<<<<

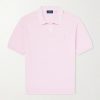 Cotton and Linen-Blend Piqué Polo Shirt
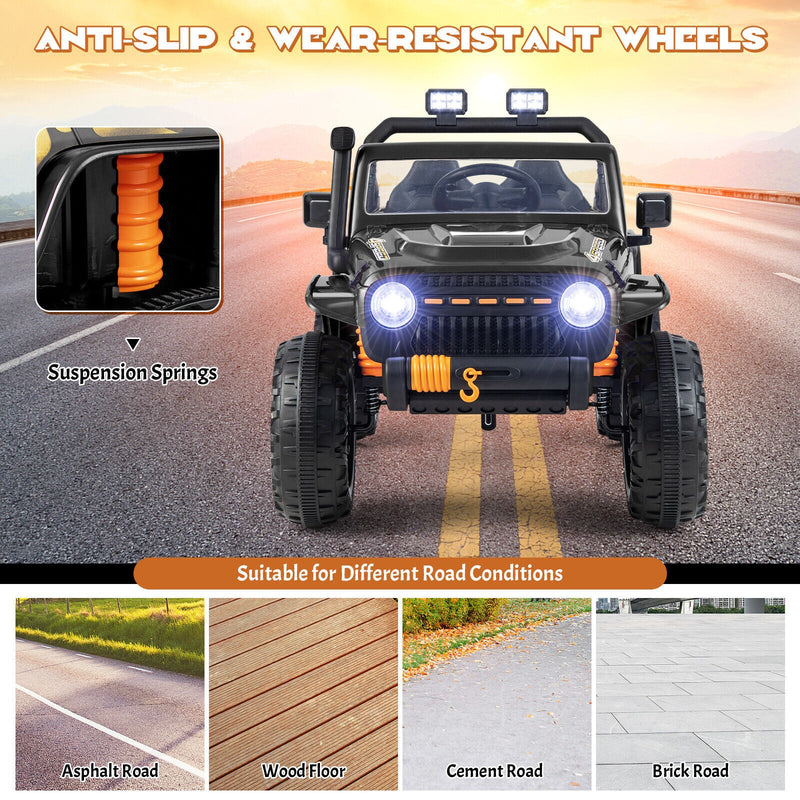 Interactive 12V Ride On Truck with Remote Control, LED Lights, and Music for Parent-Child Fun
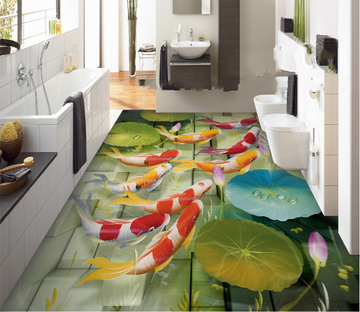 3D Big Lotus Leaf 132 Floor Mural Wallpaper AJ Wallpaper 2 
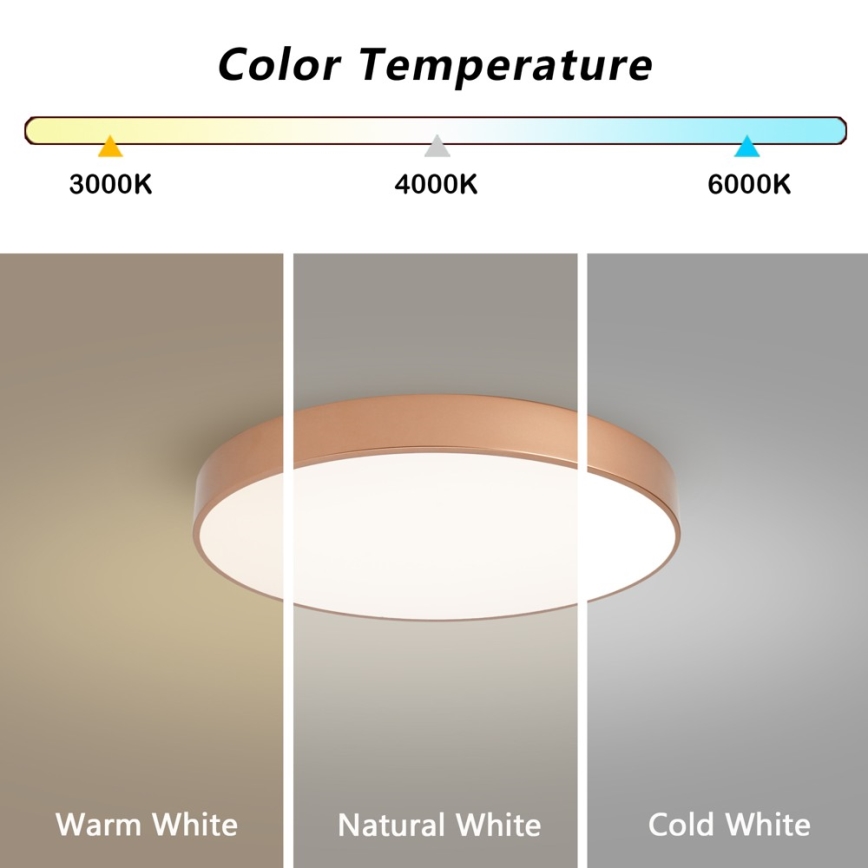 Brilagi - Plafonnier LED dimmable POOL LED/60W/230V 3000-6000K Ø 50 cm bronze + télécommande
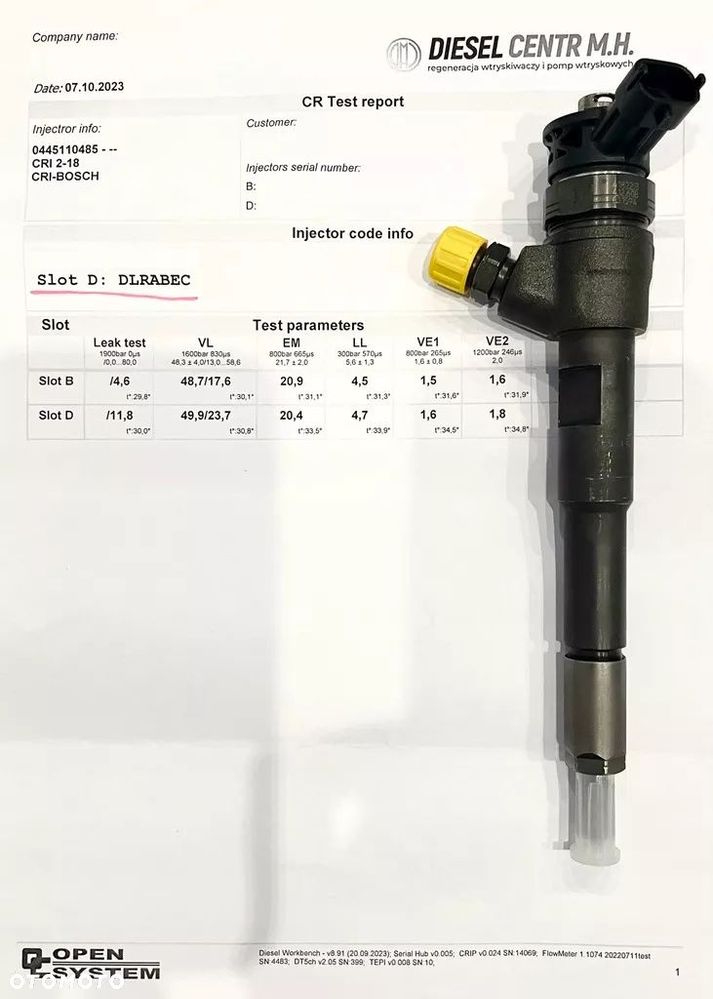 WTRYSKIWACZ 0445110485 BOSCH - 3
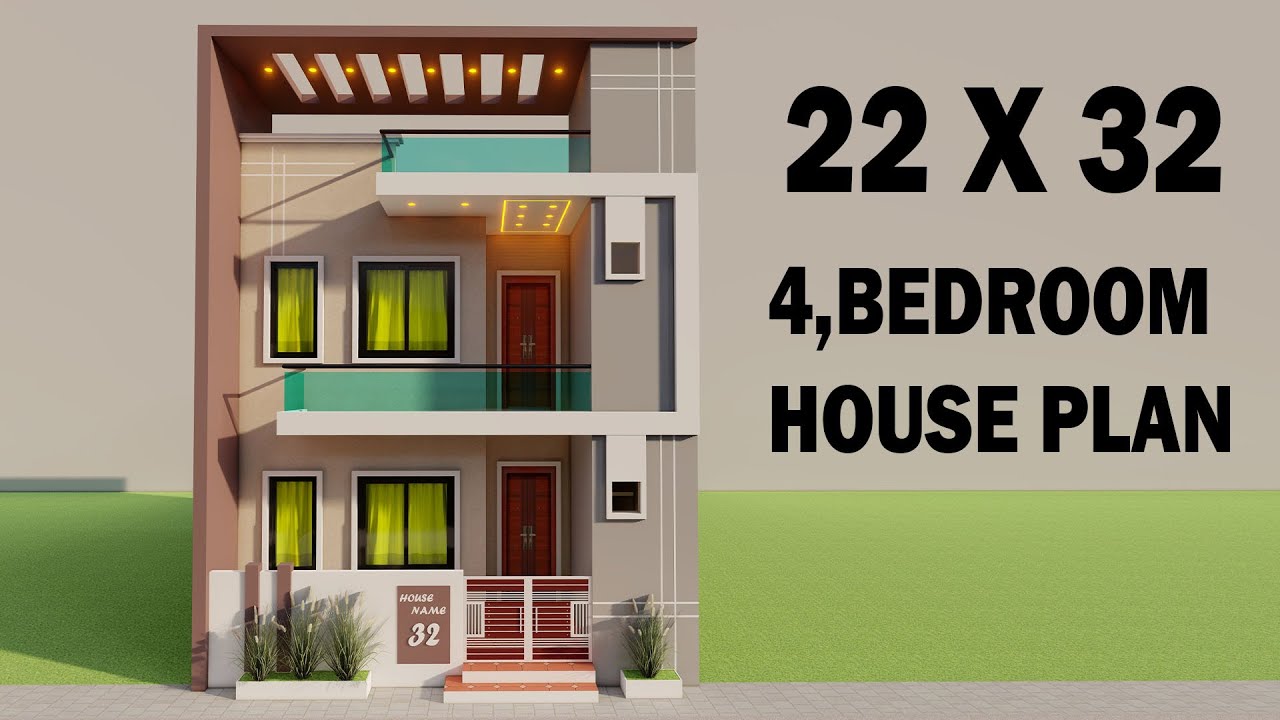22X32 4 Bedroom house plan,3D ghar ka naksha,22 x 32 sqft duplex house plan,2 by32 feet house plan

>>>>

Leave out all pictures and extract exactly the lines from the line with "Brilagi - Plafonnier" through the end of the material.

 Brilagi - Plafonnier LED dimmable POOL LED/60W/230V 3000-6000K Ø 50 cm bronze + télécommande
 WTRYSKIWACZ 0445110485 BOSCH - 3
22X32 4 Bedroom house plan,3D ghar ka naksha,22 x 32 sqft duplex house plan,2 by32 feet house plan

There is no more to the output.